Site descriptionAmerican Electric Power's Conesville Power Plant is in Conesville, Ohio on the Muskingum River in Coshocton County. The facility was first operational in 1959 and, at its peak, had six coal-fired units with a net capacity of 2,175-MW. The last unit was retired in 2020. Coal ash from the plant is stored in an ash pond complex that was originally constructed in the 1950s. Plant Conesville’s Ash Landfill and Ash Pond are both regulated under the CCR-rule.

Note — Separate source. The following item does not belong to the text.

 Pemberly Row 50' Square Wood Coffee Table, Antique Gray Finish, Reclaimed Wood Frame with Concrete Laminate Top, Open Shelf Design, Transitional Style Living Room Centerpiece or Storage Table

According to a 2009 assessment, the plant's ash pond complex was rated as having a significant hazard potential, indicating that economic and environmental damage would occur if the ponds failed. Flue gas desulfurization (FGD) waste from the site used to be disposed of in an on-site landfill located northwest of the ash pond complex. The FGD landfill was capped and closed in 1988, and it is on the U.S. Environmental Protection Agency's list of proven damage cases due to groundwater contamination. Currently, stored coal ash and air pollution scrubber sludge from the plant that is not sold for "beneficial reuse" is excavated from the on-site ash ponds and disposed of off-site in the Conesville Residual Solid Waste Landfill. This 52-acre landfill was initially permitted in 1985 and is located about two and a half miles northeast of the plant. Groundwater monitoring data for the landfill is publicly available from the Ohio Environmental Protection Agency.